== Activity ==
What follows are records. Restate all of them word for word.

━━ Input

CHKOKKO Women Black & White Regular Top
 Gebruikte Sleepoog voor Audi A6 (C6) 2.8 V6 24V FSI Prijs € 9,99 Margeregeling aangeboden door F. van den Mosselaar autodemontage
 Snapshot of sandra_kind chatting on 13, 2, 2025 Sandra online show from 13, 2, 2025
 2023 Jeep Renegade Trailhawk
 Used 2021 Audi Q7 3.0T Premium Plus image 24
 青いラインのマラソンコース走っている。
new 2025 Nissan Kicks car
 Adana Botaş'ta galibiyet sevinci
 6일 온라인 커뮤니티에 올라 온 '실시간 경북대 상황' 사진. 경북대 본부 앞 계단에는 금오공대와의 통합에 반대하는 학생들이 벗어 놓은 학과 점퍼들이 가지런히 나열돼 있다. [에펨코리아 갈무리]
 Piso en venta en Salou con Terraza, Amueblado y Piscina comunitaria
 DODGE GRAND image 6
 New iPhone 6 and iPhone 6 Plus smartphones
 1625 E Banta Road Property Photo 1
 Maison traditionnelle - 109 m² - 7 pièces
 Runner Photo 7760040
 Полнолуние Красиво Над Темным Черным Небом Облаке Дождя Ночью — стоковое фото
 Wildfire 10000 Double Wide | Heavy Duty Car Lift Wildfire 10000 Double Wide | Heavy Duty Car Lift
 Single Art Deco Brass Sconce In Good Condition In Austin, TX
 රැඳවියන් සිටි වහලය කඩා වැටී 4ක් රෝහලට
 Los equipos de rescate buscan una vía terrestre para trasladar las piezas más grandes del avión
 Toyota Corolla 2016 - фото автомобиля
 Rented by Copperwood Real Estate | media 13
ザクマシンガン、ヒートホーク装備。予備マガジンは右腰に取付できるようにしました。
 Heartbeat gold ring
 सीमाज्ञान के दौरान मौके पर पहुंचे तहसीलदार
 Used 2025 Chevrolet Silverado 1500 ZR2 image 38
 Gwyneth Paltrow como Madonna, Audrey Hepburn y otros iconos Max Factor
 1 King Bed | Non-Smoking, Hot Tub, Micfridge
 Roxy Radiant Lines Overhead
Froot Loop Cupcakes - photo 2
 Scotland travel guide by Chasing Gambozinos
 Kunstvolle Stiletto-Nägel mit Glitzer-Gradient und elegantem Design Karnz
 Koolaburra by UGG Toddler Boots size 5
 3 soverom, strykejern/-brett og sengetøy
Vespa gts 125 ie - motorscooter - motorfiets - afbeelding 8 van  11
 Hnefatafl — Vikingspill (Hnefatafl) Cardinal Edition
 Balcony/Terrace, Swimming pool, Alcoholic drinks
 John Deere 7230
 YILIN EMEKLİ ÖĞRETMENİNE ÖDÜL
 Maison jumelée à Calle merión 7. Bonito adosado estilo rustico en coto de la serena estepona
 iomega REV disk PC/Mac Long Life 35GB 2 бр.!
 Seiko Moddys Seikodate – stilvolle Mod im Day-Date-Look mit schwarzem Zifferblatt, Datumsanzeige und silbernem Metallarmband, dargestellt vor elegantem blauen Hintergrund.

━━━━

== Response to the exercise ==
CHKOKKO Women Black & White Regular Top
 Gebruikte Sleepoog voor Audi A6 (C6) 2.8 V6 24V FSI Prijs € 9,99 Margeregeling aangeboden door F. van den Mosselaar autodemontage
 Snapshot of sandra_kind chatting on 13, 2, 2025 Sandra online show from 13, 2, 2025
 2023 Jeep Renegade Trailhawk
 Used 2021 Audi Q7 3.0T Premium Plus image 24
 青いラインのマラソンコース走っている。
new 2025 Nissan Kicks car
 Adana Botaş'ta galibiyet sevinci
 6일 온라인 커뮤니티에 올라 온 '실시간 경북대 상황' 사진. 경북대 본부 앞 계단에는 금오공대와의 통합에 반대하는 학생들이 벗어 놓은 학과 점퍼들이 가지런히 나열돼 있다. [에펨코리아 갈무리]
 Piso en venta en Salou con Terraza, Amueblado y Piscina comunitaria
 DODGE GRAND image 6
 New iPhone 6 and iPhone 6 Plus smartphones
 1625 E Banta Road Property Photo 1
 Maison traditionnelle - 109 m² - 7 pièces
 Runner Photo 7760040
 Полнолуние Красиво Над Темным Черным Небом Облаке Дождя Ночью — стоковое фото
 Wildfire 10000 Double Wide | Heavy Duty Car Lift Wildfire 10000 Double Wide | Heavy Duty Car Lift
 Single Art Deco Brass Sconce In Good Condition In Austin, TX
 රැඳවියන් සිටි වහලය කඩා වැටී 4ක් රෝහලට
 Los equipos de rescate buscan una vía terrestre para trasladar las piezas más grandes del avión
 Toyota Corolla 2016 - фото автомобиля
 Rented by Copperwood Real Estate | media 13
ザクマシンガン、ヒートホーク装備。予備マガジンは右腰に取付できるようにしました。
 Heartbeat gold ring
 सीमाज्ञान के दौरान मौके पर पहुंचे तहसीलदार
 Used 2025 Chevrolet Silverado 1500 ZR2 image 38
 Gwyneth Paltrow como Madonna, Audrey Hepburn y otros iconos Max Factor
 1 King Bed | Non-Smoking, Hot Tub, Micfridge
 Roxy Radiant Lines Overhead
Froot Loop Cupcakes - photo 2
 Scotland travel guide by Chasing Gambozinos
 Kunstvolle Stiletto-Nägel mit Glitzer-Gradient und elegantem Design Karnz
 Koolaburra by UGG Toddler Boots size 5
 3 soverom, strykejern/-brett og sengetøy
Vespa gts 125 ie - motorscooter - motorfiets - afbeelding 8 van  11
 Hnefatafl — Vikingspill (Hnefatafl) Cardinal Edition
 Balcony/Terrace, Swimming pool, Alcoholic drinks
 John Deere 7230
 YILIN EMEKLİ ÖĞRETMENİNE ÖDÜL
 Maison jumelée à Calle merión 7. Bonito adosado estilo rustico en coto de la serena estepona
 iomega REV disk PC/Mac Long Life 35GB 2 бр.!
 Seiko Moddys Seikodate – stilvolle Mod im Day-Date-Look mit schwarzem Zifferblatt, Datumsanzeige und silbernem Metallarmband, dargestellt vor elegantem blauen Hintergrund.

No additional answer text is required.